The case of the zipped DMG
The preferred way for distributing OS X applications is through disk images, or DMG files. The great thing about DMG files is that they are self-contained. In most cases, you can even lauch the application from the mounted image itself.
Another good thing about disk images is that they support compression (and even encryption). Decompression happens on the fly as you open files on disk.
So why do we see zipped disk images files on the net ? It seems rather pointless if you enable compression on the disk image itself. You download a 1 Mb .dmg.zip file, unzip it to .dmg 1 Mb file and then mount it. It takes more time, doesn’t save bandwidth and requires additional cleanup by the user. It’s like zipping QuickTime movies or audio files.
I suspect the reason for this nonsense is the way file servers recognize DMG files. Because the dmg extension is pretty unknown outside of the mac community, there’s a chance the header sent by the server would be incorrect.
The result is garbled text on the browser instead of a download progress bar. ZIP is a recognized extension pretty much everywhere and thus is less likely to get incorrect headers.

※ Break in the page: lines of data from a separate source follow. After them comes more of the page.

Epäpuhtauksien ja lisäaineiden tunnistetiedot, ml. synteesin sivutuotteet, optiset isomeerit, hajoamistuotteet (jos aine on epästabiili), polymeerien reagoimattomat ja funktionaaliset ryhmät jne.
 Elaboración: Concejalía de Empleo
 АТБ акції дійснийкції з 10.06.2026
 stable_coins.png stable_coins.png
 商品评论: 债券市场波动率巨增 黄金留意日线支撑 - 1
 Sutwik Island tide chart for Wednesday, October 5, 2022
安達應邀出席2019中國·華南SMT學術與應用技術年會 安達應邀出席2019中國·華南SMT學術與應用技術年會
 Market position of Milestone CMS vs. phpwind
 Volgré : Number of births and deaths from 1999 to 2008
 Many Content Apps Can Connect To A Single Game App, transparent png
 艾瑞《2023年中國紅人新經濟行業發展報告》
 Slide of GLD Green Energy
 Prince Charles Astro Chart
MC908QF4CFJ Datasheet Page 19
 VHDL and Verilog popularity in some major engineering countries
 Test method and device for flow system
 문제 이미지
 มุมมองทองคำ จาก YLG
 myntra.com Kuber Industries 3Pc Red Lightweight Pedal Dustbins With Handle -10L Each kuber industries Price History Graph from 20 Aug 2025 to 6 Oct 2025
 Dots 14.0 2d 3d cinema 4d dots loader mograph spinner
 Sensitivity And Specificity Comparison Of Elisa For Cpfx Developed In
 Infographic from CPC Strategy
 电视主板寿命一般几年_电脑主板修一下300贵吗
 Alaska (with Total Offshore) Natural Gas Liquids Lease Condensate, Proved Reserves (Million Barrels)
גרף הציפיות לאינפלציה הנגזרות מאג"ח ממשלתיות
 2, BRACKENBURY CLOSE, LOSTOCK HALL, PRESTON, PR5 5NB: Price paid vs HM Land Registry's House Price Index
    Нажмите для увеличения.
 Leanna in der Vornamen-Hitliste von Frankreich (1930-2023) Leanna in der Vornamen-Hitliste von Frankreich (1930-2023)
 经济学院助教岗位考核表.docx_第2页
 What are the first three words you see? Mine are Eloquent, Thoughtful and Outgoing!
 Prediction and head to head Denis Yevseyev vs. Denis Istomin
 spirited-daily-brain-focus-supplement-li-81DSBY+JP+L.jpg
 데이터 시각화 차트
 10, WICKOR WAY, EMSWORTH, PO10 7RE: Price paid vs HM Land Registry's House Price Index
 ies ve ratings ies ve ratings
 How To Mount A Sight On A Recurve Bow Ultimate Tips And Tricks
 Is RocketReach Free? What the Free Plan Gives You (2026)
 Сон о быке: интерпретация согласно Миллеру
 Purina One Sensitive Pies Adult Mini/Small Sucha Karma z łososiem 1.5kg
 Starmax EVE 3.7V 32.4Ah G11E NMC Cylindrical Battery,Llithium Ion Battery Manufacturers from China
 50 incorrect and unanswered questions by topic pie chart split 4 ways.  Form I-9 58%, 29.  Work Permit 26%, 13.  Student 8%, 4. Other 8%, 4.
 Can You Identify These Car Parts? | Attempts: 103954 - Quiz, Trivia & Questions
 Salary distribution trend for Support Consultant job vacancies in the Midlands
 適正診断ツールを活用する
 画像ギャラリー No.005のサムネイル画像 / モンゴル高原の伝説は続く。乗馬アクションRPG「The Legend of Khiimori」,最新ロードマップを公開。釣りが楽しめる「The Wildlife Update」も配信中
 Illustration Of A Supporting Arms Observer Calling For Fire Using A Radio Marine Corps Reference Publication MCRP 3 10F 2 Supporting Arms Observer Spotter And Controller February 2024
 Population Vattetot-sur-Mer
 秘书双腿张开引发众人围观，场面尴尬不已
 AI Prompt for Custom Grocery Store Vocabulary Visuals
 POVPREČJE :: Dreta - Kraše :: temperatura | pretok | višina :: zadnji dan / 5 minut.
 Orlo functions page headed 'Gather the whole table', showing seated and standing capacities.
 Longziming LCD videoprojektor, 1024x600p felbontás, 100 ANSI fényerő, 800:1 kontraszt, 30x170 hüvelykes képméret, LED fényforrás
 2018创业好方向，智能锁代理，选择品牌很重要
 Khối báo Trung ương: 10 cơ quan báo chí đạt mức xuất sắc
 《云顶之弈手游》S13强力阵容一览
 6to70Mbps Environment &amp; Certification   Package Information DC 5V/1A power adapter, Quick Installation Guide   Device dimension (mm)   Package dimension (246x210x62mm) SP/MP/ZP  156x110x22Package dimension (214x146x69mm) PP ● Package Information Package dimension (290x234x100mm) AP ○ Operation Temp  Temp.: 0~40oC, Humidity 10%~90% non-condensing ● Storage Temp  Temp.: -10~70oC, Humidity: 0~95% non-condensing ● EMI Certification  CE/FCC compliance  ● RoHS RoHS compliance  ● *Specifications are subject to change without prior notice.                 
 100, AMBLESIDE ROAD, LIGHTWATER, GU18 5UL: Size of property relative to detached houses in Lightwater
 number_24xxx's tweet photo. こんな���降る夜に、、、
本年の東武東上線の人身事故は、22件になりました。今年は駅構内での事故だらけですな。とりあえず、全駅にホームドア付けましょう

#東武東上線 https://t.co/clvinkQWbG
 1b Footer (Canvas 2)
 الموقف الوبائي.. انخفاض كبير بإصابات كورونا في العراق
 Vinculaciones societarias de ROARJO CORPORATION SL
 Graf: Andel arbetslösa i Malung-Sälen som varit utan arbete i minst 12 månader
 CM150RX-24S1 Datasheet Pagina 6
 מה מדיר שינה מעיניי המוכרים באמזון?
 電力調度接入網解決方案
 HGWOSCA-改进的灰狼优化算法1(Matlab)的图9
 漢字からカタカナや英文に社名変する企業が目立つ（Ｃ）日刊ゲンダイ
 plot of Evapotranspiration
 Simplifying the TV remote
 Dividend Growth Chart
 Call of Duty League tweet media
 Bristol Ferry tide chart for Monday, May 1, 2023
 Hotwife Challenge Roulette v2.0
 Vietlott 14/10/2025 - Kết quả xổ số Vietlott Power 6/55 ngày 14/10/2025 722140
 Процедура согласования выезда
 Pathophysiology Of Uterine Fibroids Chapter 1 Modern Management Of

If indeed it is a case of browser support, then I would argue that it more an issue of poor server administration. A standards-compliant browser should read it in plaintext is the MIME type is incorrect (or the browser does not have its own MIME definition for the format). However, it is up to server admins first and foremost to properly set and associate MIME types in their server configs. It seems to me this would eliminate a lot of issues.